**Description of the task:** Exactly as it appears, restate the whole listing.

**Study material:**
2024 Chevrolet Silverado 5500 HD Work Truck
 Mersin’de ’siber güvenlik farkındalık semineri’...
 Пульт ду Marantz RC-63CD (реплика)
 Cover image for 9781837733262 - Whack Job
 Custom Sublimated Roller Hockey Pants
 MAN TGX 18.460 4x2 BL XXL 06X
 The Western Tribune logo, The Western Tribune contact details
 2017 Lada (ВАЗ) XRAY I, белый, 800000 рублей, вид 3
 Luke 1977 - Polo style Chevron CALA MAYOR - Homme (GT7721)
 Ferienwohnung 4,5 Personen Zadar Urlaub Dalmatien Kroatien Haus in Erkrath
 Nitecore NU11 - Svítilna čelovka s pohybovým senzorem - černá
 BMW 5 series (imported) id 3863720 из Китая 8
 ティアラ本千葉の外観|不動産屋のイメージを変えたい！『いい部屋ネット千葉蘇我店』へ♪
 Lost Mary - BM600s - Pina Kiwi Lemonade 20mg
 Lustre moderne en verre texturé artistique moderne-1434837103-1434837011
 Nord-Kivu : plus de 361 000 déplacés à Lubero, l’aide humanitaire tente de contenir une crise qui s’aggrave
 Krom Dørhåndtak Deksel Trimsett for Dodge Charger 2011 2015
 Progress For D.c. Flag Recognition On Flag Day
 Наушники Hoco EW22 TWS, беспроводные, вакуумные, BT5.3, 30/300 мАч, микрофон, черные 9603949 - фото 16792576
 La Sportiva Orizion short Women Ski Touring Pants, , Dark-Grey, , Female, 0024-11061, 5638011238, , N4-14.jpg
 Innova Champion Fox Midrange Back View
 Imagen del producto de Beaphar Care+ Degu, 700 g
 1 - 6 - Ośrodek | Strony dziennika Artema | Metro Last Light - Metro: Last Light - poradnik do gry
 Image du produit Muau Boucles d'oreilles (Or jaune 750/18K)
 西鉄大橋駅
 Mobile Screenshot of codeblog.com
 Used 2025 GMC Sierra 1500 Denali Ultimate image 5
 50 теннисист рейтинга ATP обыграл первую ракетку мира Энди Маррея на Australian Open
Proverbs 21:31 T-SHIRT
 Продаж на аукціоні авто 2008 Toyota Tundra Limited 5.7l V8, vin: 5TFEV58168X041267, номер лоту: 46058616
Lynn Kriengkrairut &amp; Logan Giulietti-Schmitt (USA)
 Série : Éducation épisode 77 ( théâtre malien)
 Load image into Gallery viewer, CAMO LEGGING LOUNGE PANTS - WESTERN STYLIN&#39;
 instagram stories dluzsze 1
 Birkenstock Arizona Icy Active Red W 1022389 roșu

**Result of this exercise:**
2024 Chevrolet Silverado 5500 HD Work Truck
 Mersin’de ’siber güvenlik farkındalık semineri’...
 Пульт ду Marantz RC-63CD (реплика)
 Cover image for 9781837733262 - Whack Job
 Custom Sublimated Roller Hockey Pants
 MAN TGX 18.460 4x2 BL XXL 06X
 The Western Tribune logo, The Western Tribune contact details
 2017 Lada (ВАЗ) XRAY I, белый, 800000 рублей, вид 3
 Luke 1977 - Polo style Chevron CALA MAYOR - Homme (GT7721)
 Ferienwohnung 4,5 Personen Zadar Urlaub Dalmatien Kroatien Haus in Erkrath
 Nitecore NU11 - Svítilna čelovka s pohybovým senzorem - černá
 BMW 5 series (imported) id 3863720 из Китая 8
 ティアラ本千葉の外観|不動産屋のイメージを変えたい！『いい部屋ネット千葉蘇我店』へ♪
 Lost Mary - BM600s - Pina Kiwi Lemonade 20mg
 Lustre moderne en verre texturé artistique moderne-1434837103-1434837011
 Nord-Kivu : plus de 361 000 déplacés à Lubero, l’aide humanitaire tente de contenir une crise qui s’aggrave
 Krom Dørhåndtak Deksel Trimsett for Dodge Charger 2011 2015
 Progress For D.c. Flag Recognition On Flag Day
 Наушники Hoco EW22 TWS, беспроводные, вакуумные, BT5.3, 30/300 мАч, микрофон, черные 9603949 - фото 16792576
 La Sportiva Orizion short Women Ski Touring Pants, , Dark-Grey, , Female, 0024-11061, 5638011238, , N4-14.jpg
 Innova Champion Fox Midrange Back View
 Imagen del producto de Beaphar Care+ Degu, 700 g
 1 - 6 - Ośrodek | Strony dziennika Artema | Metro Last Light - Metro: Last Light - poradnik do gry
 Image du produit Muau Boucles d'oreilles (Or jaune 750/18K)
 西鉄大橋駅
 Mobile Screenshot of codeblog.com
 Used 2025 GMC Sierra 1500 Denali Ultimate image 5
 50 теннисист рейтинга ATP обыграл первую ракетку мира Энди Маррея на Australian Open
Proverbs 21:31 T-SHIRT
 Продаж на аукціоні авто 2008 Toyota Tundra Limited 5.7l V8, vin: 5TFEV58168X041267, номер лоту: 46058616
Lynn Kriengkrairut &amp; Logan Giulietti-Schmitt (USA)
 Série : Éducation épisode 77 ( théâtre malien)
 Load image into Gallery viewer, CAMO LEGGING LOUNGE PANTS - WESTERN STYLIN&#39;
 instagram stories dluzsze 1
 Birkenstock Arizona Icy Active Red W 1022389 roșu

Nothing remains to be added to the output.